[Images for object localization]
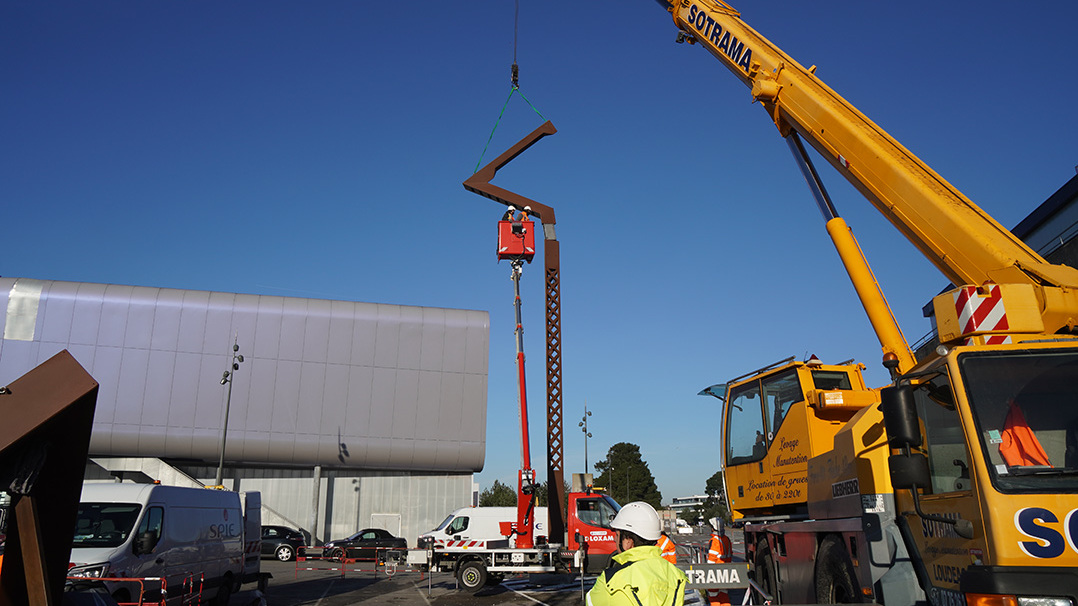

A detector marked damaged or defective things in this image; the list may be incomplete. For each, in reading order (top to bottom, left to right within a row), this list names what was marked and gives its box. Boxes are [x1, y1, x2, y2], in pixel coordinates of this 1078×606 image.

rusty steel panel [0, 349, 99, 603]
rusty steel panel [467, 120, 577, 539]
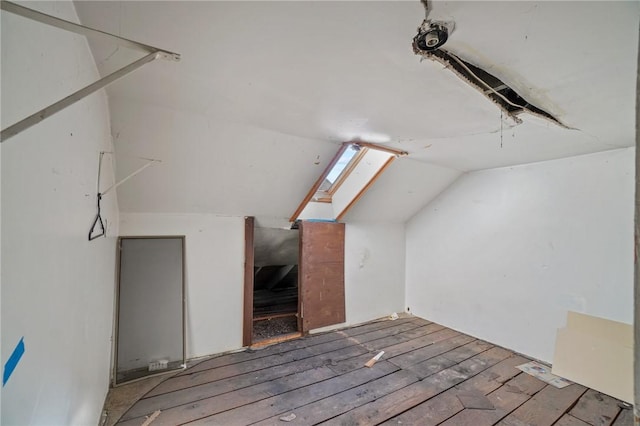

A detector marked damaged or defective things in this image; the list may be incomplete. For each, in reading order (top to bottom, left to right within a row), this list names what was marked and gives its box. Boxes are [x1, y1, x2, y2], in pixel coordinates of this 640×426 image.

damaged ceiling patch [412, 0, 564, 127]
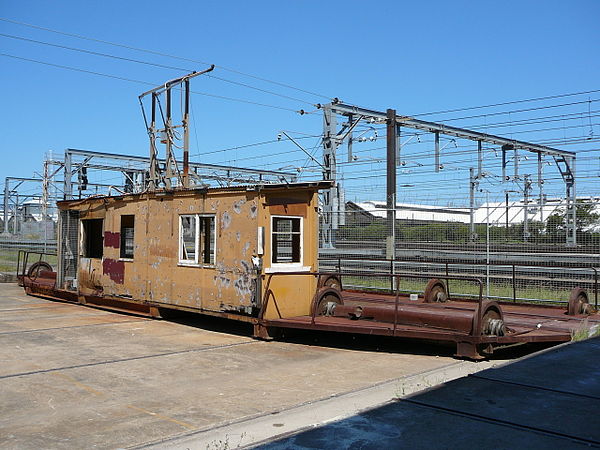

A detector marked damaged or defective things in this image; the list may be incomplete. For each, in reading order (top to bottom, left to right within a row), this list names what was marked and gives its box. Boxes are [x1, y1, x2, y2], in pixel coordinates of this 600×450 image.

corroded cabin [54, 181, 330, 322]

---

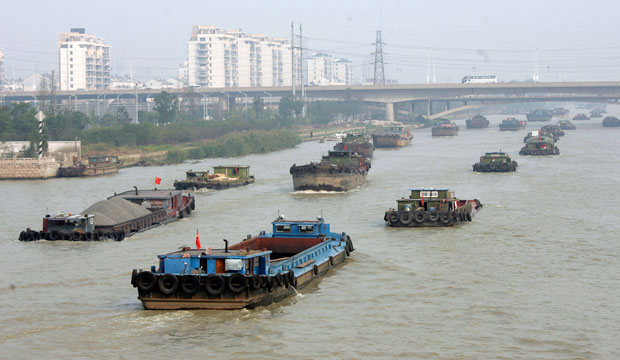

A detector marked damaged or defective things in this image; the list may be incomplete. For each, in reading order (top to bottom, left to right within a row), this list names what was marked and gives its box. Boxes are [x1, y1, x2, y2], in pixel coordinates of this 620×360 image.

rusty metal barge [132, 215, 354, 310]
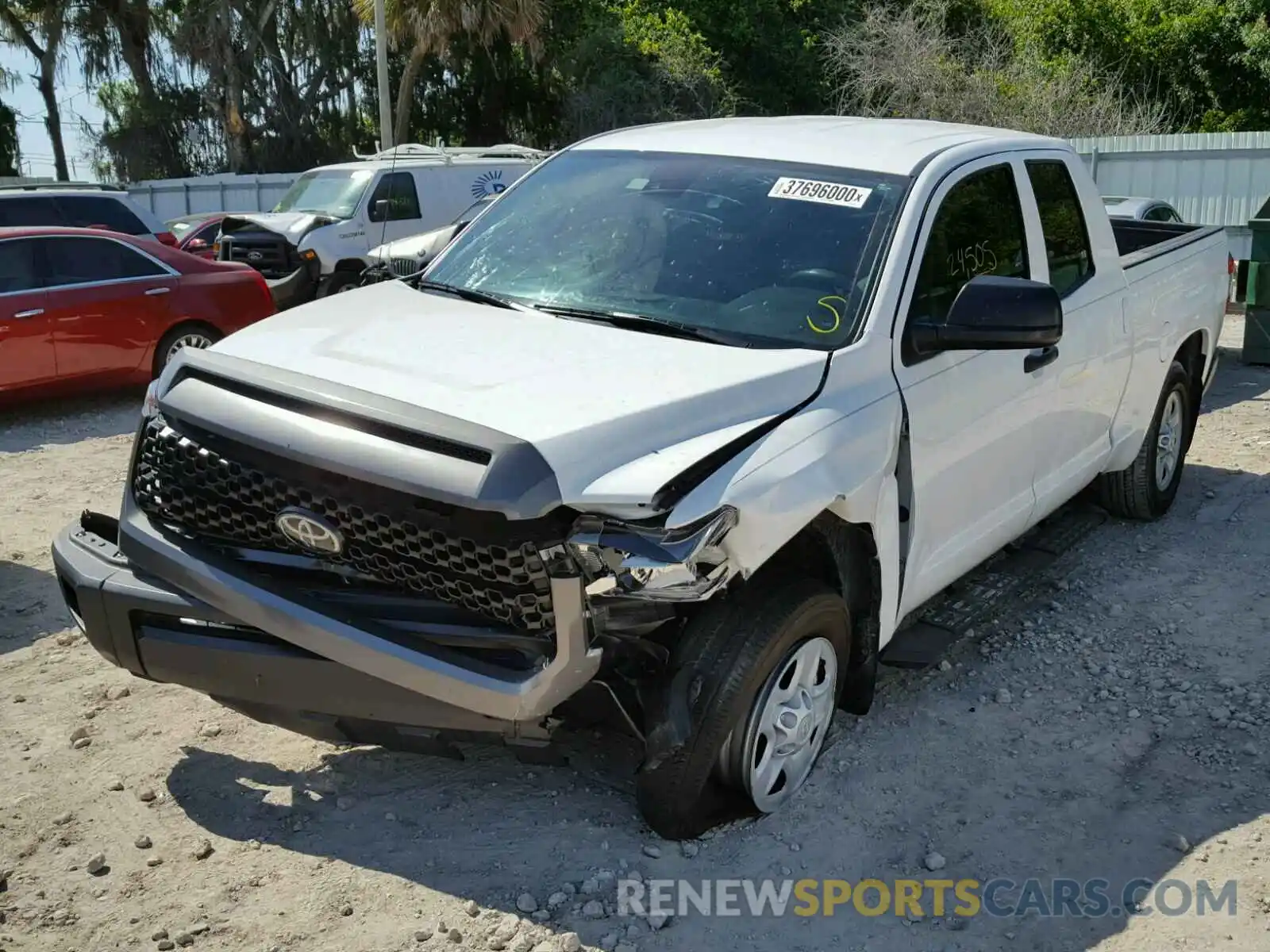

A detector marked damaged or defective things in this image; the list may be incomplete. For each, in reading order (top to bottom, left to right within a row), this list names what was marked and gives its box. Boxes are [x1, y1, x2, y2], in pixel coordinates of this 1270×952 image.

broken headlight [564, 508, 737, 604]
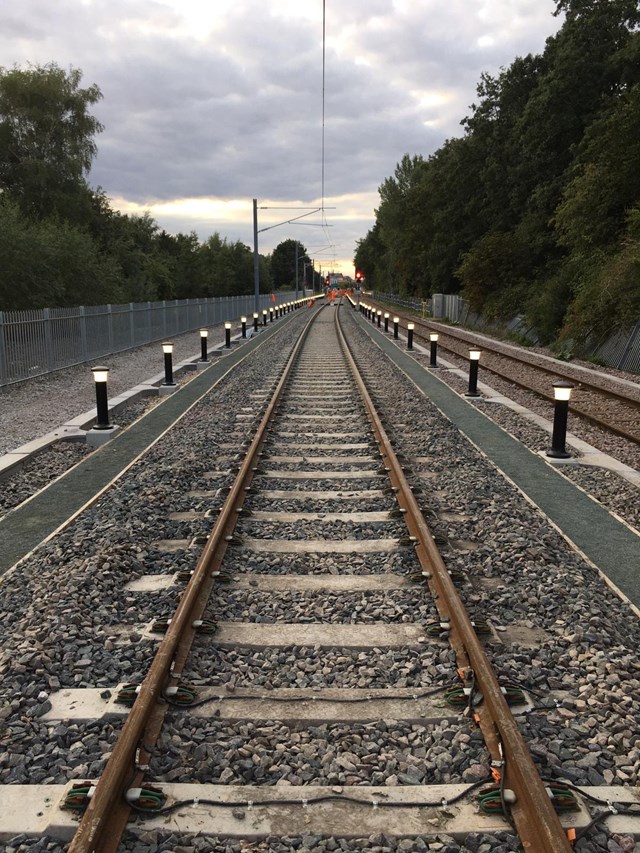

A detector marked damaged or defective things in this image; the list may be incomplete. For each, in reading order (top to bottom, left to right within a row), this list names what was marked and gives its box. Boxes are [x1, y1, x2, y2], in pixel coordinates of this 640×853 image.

**Exercise directions**
From the records above, copy exactly the stretch from the line holding "this 620×360 image." through the line holding "this 640×853 image.", both ends included, without the pictures.

**Solution for this task**
A detector marked damaged or defective things in this image; the list may be incomplete. For each, in reading order (top to bottom, left to right within a row), this list names what was marked and gives its box. Boxes are [x1, y1, x2, y2], in pixel coordinates of this 620×360 image.

rusty metal barge [132, 215, 354, 310]

A detector marked damaged or defective things in this image; the list may be incomplete. For each, in reading order (top to bottom, left to right within a row), this list names what was marked and gives its box. Boxes are [x1, y1, x2, y2], in pixel coordinates of this 1270×952 image.

broken headlight [564, 508, 737, 604]

A detector marked damaged or defective things in this image; the list may be incomplete. For each, in reading order (top to bottom, left to right within a row), this list names what was marked and gives its box. Boxes are [x1, y1, x2, y2], in pixel coordinates of this 640×853 image.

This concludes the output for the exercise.